**Stored data**
%%

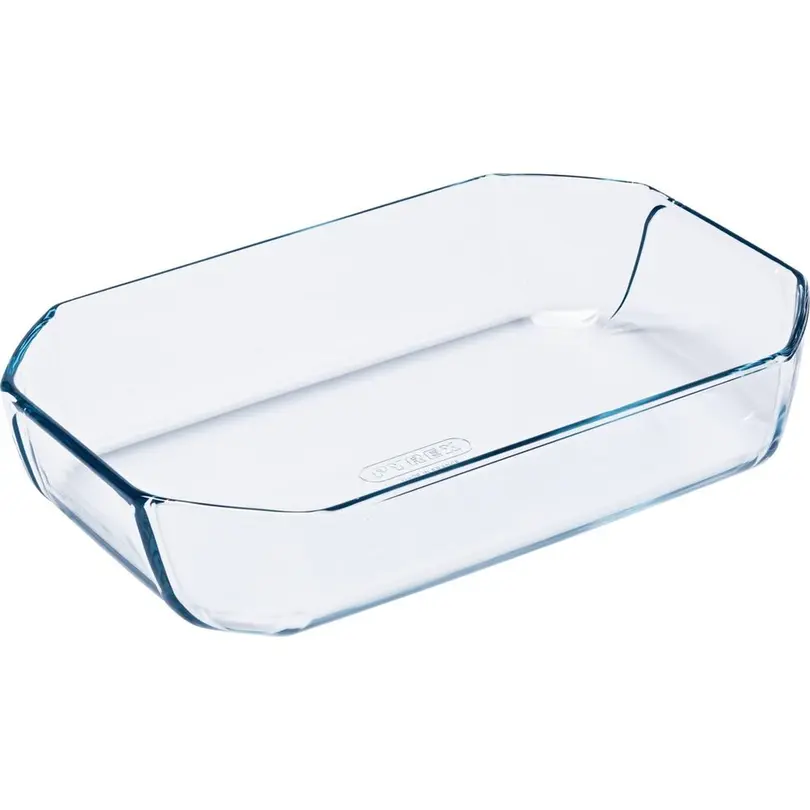 Backform Pyrex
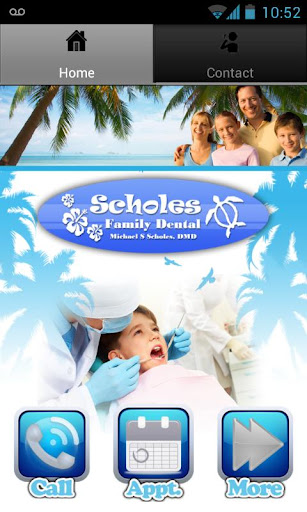 Scholes Family Dental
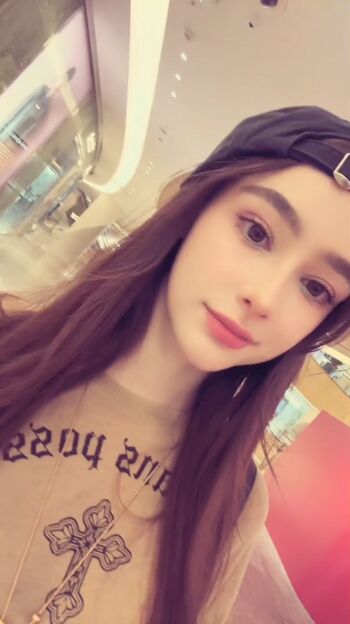 Full leaked Dasha taran page private onlyfans photo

%%

**Exercise objective**
Retype the whole listing. Keep every word exact but include no pictures.

**Problem solution**
 Backform Pyrex
 Scholes Family Dental
 Full leaked Dasha taran page private onlyfans photo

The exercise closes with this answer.